Weidenfeller: Das ist schwer zu beurteilen. Fakt ist einerseits, dass Lewandowski zunächst eine ähnlich große Lücke hinterlassen wird, wie es Mario Götze im vergangenen Sommer getan hat. Andererseits setzt der Verein aber nicht nur immer wieder alles daran, solche Lücken zu schließen, sondern in aller Regel gelingt das auch. Die vergangenen Jahre haben gezeigt, dass unsere Verantwortlichen auf Abgänge stets sehr gute Antworten finden, wie etwa im vergangenen Sommer mit Aubameyang, Mkhitaryan und Sokratis. Und ich habe vollstes Vertrauen, dass das auch dieses Mal gelingen wird.

bundesliga.de: Durch den Wechsel Lewandowskis zu den Bayern erhalten diese einen weiteren Top-Spieler von einem ihrer größten Konkurrenten. Glauben Sie an eine dauerhafte Dominanz des FC Bayern?

Weidenfeller: Das einzuschätzen ist schwierig. Ich hoffe aber, dass die Bundesliga auch in Zukunft interessant bleibt. Dass Bayern München wirtschaftlich in einer anderen Liga spielt als die weiteren 17 Clubs, dessen sind wir uns alle bewusst. Das ist aber nicht neu, sondern war auch vor zwei, drei, vier Jahren schon der Fall. Und es ist nicht allzu lange her, dass wir zweimal in Folge den Titel holen konnten. Wenn wir in den vergangenen Jahren auf die Bayern getroffen sind, war es meist sehr eng. Und daran wird sich meiner Meinung nach nichts ändern.

bundesliga.deNicht ganz so eng war es im Pokalfinale 2012, als der BVB die Münchner beim 5:2 klar beherrschte. Erleben wir in diesem Jahr eine Neuauflage?

Weidenfeller: Mein Traumfinale wäre Kaiserslautern gegen Borussia Dortmund (lacht). Ich habe noch immer sehr viele Freunde in Kaiserslautern, und es sind schon unzählige Ticketwünsche für dieses bei mir angekommen. Aber Spaß beiseite: Zunächst einmal wartet auf uns mit dem VfL Wolfsburg ein sehr anspruchsvoller Gegner, der in dieser Serie immer stärker geworden ist. Wir sind also gewarnt. Aber wir wissen auch, dass dieses Heimspiel eine große Chance bietet, um erneut nach Berlin zu kommen. Was den 1. FCK betrifft: Bei aller Verbundenheit zum Club, sage ich doch sicher nichts Falsches, wenn ich befürchtete, dass die Aufgabe in München für die Lauterer sehr, sehr schwer werden dürfte.

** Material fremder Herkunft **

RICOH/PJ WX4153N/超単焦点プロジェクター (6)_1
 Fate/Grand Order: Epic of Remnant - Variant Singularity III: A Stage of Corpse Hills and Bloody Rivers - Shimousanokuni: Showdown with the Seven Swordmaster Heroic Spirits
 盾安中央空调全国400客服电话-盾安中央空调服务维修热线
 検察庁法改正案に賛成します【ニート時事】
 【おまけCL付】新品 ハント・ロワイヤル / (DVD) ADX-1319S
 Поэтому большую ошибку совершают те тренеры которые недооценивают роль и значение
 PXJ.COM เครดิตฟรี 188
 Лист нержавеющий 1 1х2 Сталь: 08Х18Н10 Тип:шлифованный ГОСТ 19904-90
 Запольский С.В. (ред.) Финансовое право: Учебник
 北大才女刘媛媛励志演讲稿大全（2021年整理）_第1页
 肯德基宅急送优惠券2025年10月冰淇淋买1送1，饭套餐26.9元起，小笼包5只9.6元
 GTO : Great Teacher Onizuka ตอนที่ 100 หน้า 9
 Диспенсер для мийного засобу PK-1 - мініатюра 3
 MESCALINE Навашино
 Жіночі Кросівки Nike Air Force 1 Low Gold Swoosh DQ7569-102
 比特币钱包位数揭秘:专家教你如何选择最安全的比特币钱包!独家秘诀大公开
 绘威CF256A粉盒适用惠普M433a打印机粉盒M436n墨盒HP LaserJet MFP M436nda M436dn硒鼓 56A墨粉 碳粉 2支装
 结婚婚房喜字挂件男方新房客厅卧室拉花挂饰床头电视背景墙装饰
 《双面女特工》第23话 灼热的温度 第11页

bundesliga.deFür Sie persönlich bleibt ein ganz großes Ziel zudem die WM-Teilnahme; wie sehr bestimmt dieser Traum Ihren momentanen Alltag?

Weidenfeller: Für mich zählt nur das Hier und Jetzt. Ich denke zum Beispiel vor einem Spiel nie daran, dass ich mich möglicherweise verletzen und so meine Ziele mit dem BVB, aber auch die WM verpassen könnte. Das würde mich nur hemmen. Ohnehin kann ich heute nicht beurteilen, wie die Gesamtsituation im Sommer sein wird. Dass es eine Riesenherausforderung und eine Riesenfreude für mich wäre, Teil dieser deutschen Mannschaft sein zu dürfen, das versteht sich aber von selbst.

bundesliga.deIhre Leistung stimmt jedenfalls, wie eigentlich immer in den vergangenen zehn Jahren, in denen Sie regelmäßig in der Top 3 der besten deutschen Torhüter gestanden haben und erneut stehen; wie gelingt es Ihnen, die Konzentration über so lange Zeit hochzuhalten?

Weidenfeller: Die Bundesliga war und ist gespickt mit exzellenten Torleuten. Umso mehr nehme ich das aber als Herausforderung, mich immer wieder neu zu beweisen. Entscheidend ist wohl, dass es mir meist gelingt, meinen Fokus auf das Wesentliche zu lenken.

bundesliga.deImmer wieder wird betont, dass sich das Torwart-Spiel stark verändert hat. Sie sind seit 14 Jahren Profi: Wie ist Ihr Eindruck?

Weidenfeller: Keine Frage, die Veränderungen sind enorm. Die Rolle des Torwarts hat an Einfluss für das gesamte Spiel gewonnen. Früher ging es fast ausschließlich darum, Bälle zu halten, am besten noch ausschließlich mit den Händen. Heute sind die Anforderungen komplexer. Selbstverständlich sollte ein Torwart noch immer seine Kernaufgabe beherrschen, Tore zu verhindern. Darüber hinaus aber muss der Torwart heute in der Lage sein, als eine Art Libero zu fungieren, um nach einem Angriff des Gegners den Gegenstoß der eigenen Mannschaft einzuleiten. Um das aber leisten zu können, muss er auch ein guter Fußballer sein.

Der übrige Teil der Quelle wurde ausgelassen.